I want to convert the xData column from xTable and put it into this table (ID column for illustration only):

ID SampleID LocationName Foo1 Foo2
1 00000001 Jeff 10 11 
2 00000001 Jenn 11 12 
... 00000001 ... ... ... 
22 00000001 ... ... ... 
23 00000002 Greg 13 14 
24 00000002 Anne 17 18
... 00000002 ... ... ...
44 00000002 ... ... ...

At the moment, I'm just trying to SELECT the xData column from xTable and will edit the query later to insert the data. So my first query, just to show that <SampleID> does get selected:

Query 1

SELECT a.b.query('SampleID').value('.', 'varchar(20)') AS SampleID
FROM xTable
CROSS APPLY xData.nodes('MyXMLFile/Sample') as a(b)

The output looks good:

ID SampleID
1 00000001
2 00000002

So, I added to the query:

Query2

SELECT a.b.query('SampleID').value('.', 'varchar(20)') AS SampleID,
 a.b.query('LocationName').value('.', 'varchar(10)') AS LocationName,
 a.b.query('Foo1').value('.', 'varchar(6)') AS Foo1,
 a.b.query('Foo2').value('.', 'varchar(6)') AS Foo2
FROM xTable
CROSS APPLY xData.nodes('MyXMLFile/Sample/SampleID/../Location') as a(b)

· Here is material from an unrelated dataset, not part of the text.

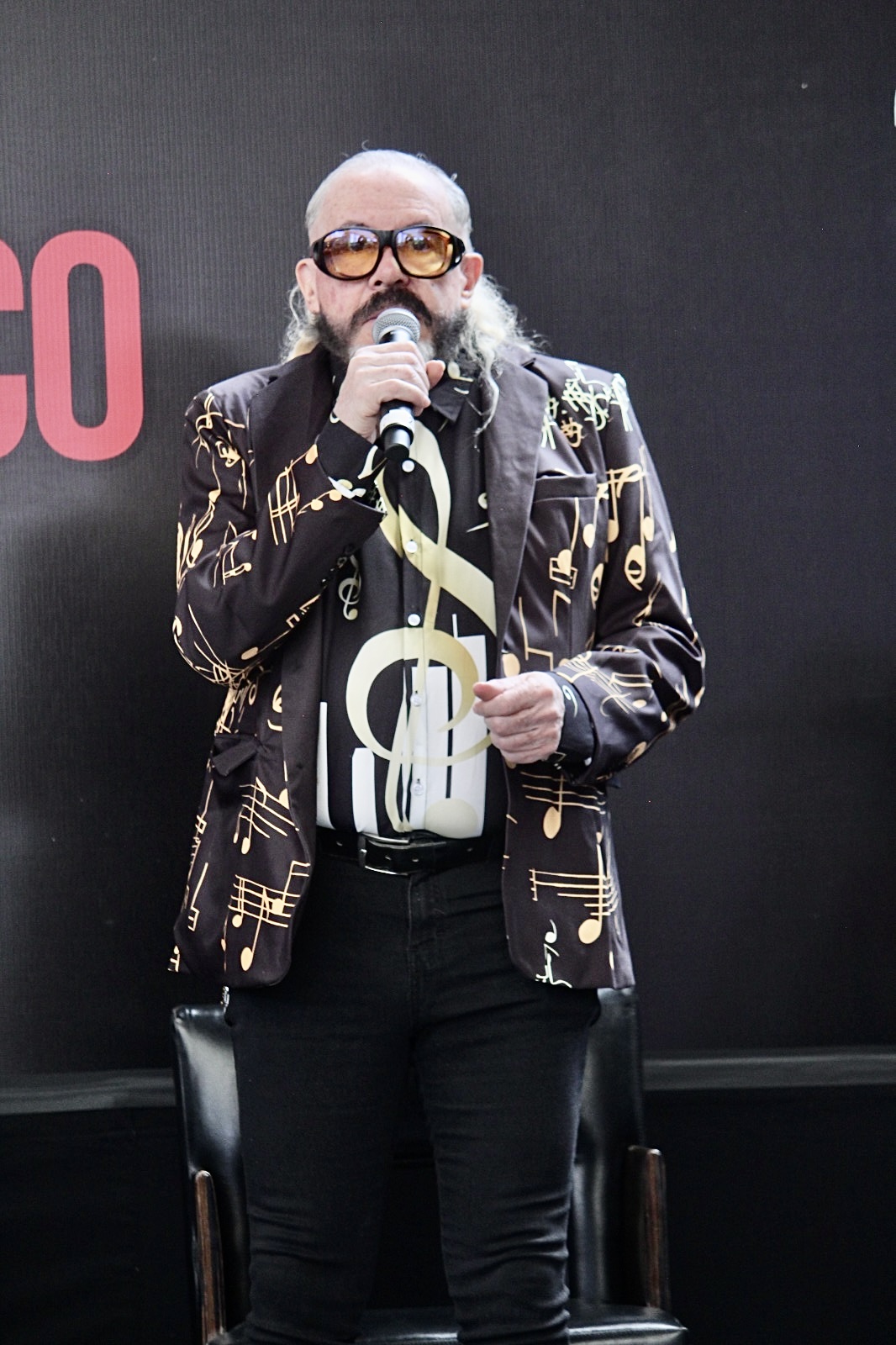 9625ca66-5438-4516-af06-607475a0dca4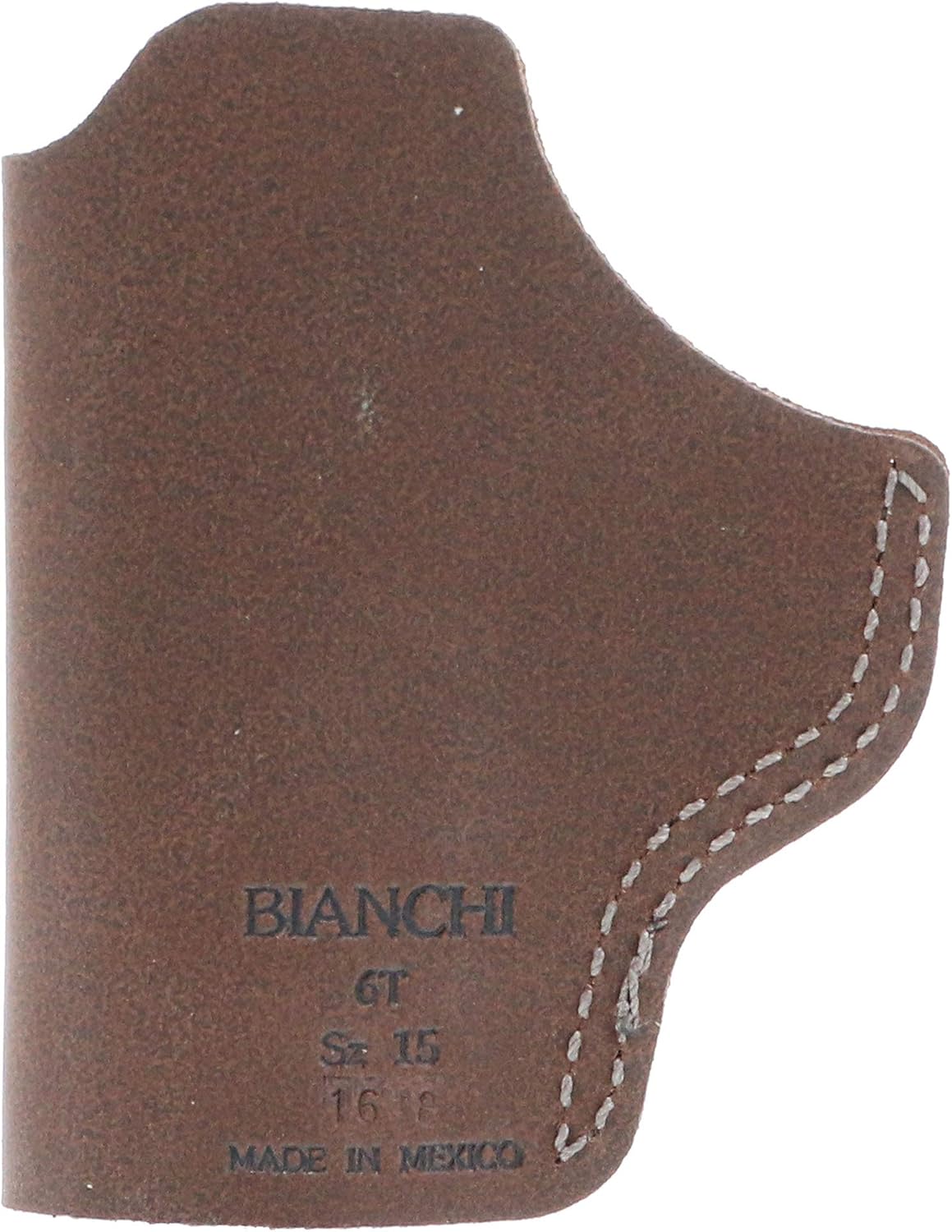 Tan Concealment Holster L603242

For this output, no data gets selected for <SampleID>. This is not surprising to me as the xpath selection is only to the <Location> parent node and returns its children <LocationName>, <Foo1> and <Foo2> and not <SampleID>.

ID SampleID LocationName Foo1 Foo2
1 Jeff 10 11 
2 Jenn 11 12 
... ... ... ... 
22 ... ... ... 
23 Greg 13 14 
24 Anne 17 18 
... ... ... ...
44 ... ... ...

So then I tried this:

Query 3

SELECT a.b.query('SampleID').value('.', 'varchar(20)') AS SampleID,
 c.d.query('LocationName').value('.', 'varchar(10)') AS LocationName,
 c.d.query('Foo1').value('.', 'varchar(6)') AS Foo1,
 c.d.query('Foo2').value('.', 'varchar(6)') AS Foo2
FROM xTable
CROSS APPLY xData.nodes('MyXMLFile/Sample/SampleID') as a(b)
CROSS APPLY xData.nodes('MyXMLFile/Sample/SampleID/../Location') as c(d)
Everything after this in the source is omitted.